++++ Study material ++++

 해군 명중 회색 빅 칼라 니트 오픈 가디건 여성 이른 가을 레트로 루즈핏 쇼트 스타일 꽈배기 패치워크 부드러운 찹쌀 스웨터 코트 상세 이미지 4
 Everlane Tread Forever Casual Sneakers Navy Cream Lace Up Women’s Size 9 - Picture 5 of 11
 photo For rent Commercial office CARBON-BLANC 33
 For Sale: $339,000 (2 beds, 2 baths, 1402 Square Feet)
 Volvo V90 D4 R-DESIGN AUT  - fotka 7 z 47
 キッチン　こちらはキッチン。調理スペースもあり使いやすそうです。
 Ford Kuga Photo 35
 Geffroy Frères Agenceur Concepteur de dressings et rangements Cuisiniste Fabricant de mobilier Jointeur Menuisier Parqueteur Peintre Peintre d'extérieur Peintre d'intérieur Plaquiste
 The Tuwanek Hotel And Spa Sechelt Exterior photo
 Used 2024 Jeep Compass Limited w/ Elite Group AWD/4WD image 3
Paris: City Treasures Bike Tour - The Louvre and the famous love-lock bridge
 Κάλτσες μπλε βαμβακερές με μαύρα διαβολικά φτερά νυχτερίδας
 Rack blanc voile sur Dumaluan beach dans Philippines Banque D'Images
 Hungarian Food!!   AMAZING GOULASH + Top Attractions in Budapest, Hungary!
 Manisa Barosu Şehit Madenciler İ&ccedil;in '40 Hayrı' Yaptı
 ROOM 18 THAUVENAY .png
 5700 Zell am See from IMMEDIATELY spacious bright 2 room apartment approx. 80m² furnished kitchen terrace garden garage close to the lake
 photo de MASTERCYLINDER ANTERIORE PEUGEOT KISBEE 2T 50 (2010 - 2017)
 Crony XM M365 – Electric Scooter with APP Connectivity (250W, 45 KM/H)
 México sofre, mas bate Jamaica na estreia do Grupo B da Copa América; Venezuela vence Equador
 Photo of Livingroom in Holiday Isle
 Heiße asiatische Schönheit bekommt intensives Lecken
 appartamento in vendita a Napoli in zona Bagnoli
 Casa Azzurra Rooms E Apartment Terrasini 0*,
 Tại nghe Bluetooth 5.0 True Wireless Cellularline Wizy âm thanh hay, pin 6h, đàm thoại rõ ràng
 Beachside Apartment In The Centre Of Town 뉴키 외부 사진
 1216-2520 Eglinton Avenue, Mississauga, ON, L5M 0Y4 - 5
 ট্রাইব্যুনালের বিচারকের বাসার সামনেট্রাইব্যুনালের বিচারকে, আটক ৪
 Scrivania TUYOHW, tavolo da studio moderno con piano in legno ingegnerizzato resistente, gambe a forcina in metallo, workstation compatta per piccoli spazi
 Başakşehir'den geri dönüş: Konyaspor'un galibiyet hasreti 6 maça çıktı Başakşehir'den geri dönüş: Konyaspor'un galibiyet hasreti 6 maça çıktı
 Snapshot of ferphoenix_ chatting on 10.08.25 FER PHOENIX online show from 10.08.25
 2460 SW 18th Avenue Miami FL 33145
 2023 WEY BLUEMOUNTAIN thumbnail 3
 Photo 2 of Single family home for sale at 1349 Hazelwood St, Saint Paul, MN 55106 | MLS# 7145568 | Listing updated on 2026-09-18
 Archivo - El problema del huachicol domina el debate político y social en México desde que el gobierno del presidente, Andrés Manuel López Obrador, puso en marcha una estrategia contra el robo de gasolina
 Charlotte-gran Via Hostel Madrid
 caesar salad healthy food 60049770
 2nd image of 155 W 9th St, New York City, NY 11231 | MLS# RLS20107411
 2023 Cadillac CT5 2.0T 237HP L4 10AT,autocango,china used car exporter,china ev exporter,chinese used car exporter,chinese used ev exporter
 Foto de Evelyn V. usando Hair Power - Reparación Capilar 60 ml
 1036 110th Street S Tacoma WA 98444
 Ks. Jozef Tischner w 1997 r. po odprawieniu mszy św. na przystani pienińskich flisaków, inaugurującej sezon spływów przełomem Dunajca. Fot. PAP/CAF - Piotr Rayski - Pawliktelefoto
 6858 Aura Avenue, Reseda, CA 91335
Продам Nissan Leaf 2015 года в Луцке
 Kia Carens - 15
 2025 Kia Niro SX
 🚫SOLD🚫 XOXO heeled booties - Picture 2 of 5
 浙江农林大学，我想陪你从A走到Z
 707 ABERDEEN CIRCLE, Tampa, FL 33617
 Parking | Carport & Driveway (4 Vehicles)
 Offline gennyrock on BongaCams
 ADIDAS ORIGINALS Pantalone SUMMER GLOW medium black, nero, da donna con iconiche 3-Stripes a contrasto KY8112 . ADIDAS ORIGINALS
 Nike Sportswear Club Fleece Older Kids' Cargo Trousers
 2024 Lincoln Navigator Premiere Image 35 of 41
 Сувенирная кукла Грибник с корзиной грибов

++++

▶ How to complete this task
Every record must appear in the answer exactly as it does above.

▶ Response to this task
 해군 명중 회색 빅 칼라 니트 오픈 가디건 여성 이른 가을 레트로 루즈핏 쇼트 스타일 꽈배기 패치워크 부드러운 찹쌀 스웨터 코트 상세 이미지 4
 Everlane Tread Forever Casual Sneakers Navy Cream Lace Up Women’s Size 9 - Picture 5 of 11
 photo For rent Commercial office CARBON-BLANC 33
 For Sale: $339,000 (2 beds, 2 baths, 1402 Square Feet)
 Volvo V90 D4 R-DESIGN AUT  - fotka 7 z 47
 キッチン　こちらはキッチン。調理スペースもあり使いやすそうです。
 Ford Kuga Photo 35
 Geffroy Frères Agenceur Concepteur de dressings et rangements Cuisiniste Fabricant de mobilier Jointeur Menuisier Parqueteur Peintre Peintre d'extérieur Peintre d'intérieur Plaquiste
 The Tuwanek Hotel And Spa Sechelt Exterior photo
 Used 2024 Jeep Compass Limited w/ Elite Group AWD/4WD image 3
Paris: City Treasures Bike Tour - The Louvre and the famous love-lock bridge
 Κάλτσες μπλε βαμβακερές με μαύρα διαβολικά φτερά νυχτερίδας
 Rack blanc voile sur Dumaluan beach dans Philippines Banque D'Images
 Hungarian Food!!   AMAZING GOULASH + Top Attractions in Budapest, Hungary!
 Manisa Barosu Şehit Madenciler İ&ccedil;in '40 Hayrı' Yaptı
 ROOM 18 THAUVENAY .png
 5700 Zell am See from IMMEDIATELY spacious bright 2 room apartment approx. 80m² furnished kitchen terrace garden garage close to the lake
 photo de MASTERCYLINDER ANTERIORE PEUGEOT KISBEE 2T 50 (2010 - 2017)
 Crony XM M365 – Electric Scooter with APP Connectivity (250W, 45 KM/H)
 México sofre, mas bate Jamaica na estreia do Grupo B da Copa América; Venezuela vence Equador
 Photo of Livingroom in Holiday Isle
 Heiße asiatische Schönheit bekommt intensives Lecken
 appartamento in vendita a Napoli in zona Bagnoli
 Casa Azzurra Rooms E Apartment Terrasini 0*,
 Tại nghe Bluetooth 5.0 True Wireless Cellularline Wizy âm thanh hay, pin 6h, đàm thoại rõ ràng
 Beachside Apartment In The Centre Of Town 뉴키 외부 사진
 1216-2520 Eglinton Avenue, Mississauga, ON, L5M 0Y4 - 5
 ট্রাইব্যুনালের বিচারকের বাসার সামনেট্রাইব্যুনালের বিচারকে, আটক ৪
 Scrivania TUYOHW, tavolo da studio moderno con piano in legno ingegnerizzato resistente, gambe a forcina in metallo, workstation compatta per piccoli spazi
 Başakşehir'den geri dönüş: Konyaspor'un galibiyet hasreti 6 maça çıktı Başakşehir'den geri dönüş: Konyaspor'un galibiyet hasreti 6 maça çıktı
 Snapshot of ferphoenix_ chatting on 10.08.25 FER PHOENIX online show from 10.08.25
 2460 SW 18th Avenue Miami FL 33145
 2023 WEY BLUEMOUNTAIN thumbnail 3
 Photo 2 of Single family home for sale at 1349 Hazelwood St, Saint Paul, MN 55106 | MLS# 7145568 | Listing updated on 2026-09-18
 Archivo - El problema del huachicol domina el debate político y social en México desde que el gobierno del presidente, Andrés Manuel López Obrador, puso en marcha una estrategia contra el robo de gasolina
 Charlotte-gran Via Hostel Madrid
 caesar salad healthy food 60049770
 2nd image of 155 W 9th St, New York City, NY 11231 | MLS# RLS20107411
 2023 Cadillac CT5 2.0T 237HP L4 10AT,autocango,china used car exporter,china ev exporter,chinese used car exporter,chinese used ev exporter
 Foto de Evelyn V. usando Hair Power - Reparación Capilar 60 ml
 1036 110th Street S Tacoma WA 98444
 Ks. Jozef Tischner w 1997 r. po odprawieniu mszy św. na przystani pienińskich flisaków, inaugurującej sezon spływów przełomem Dunajca. Fot. PAP/CAF - Piotr Rayski - Pawliktelefoto
 6858 Aura Avenue, Reseda, CA 91335
Продам Nissan Leaf 2015 года в Луцке
 Kia Carens - 15
 2025 Kia Niro SX
 🚫SOLD🚫 XOXO heeled booties - Picture 2 of 5
 浙江农林大学，我想陪你从A走到Z
 707 ABERDEEN CIRCLE, Tampa, FL 33617
 Parking | Carport & Driveway (4 Vehicles)
 Offline gennyrock on BongaCams
 ADIDAS ORIGINALS Pantalone SUMMER GLOW medium black, nero, da donna con iconiche 3-Stripes a contrasto KY8112 . ADIDAS ORIGINALS
 Nike Sportswear Club Fleece Older Kids' Cargo Trousers
 2024 Lincoln Navigator Premiere Image 35 of 41
 Сувенирная кукла Грибник с корзиной грибов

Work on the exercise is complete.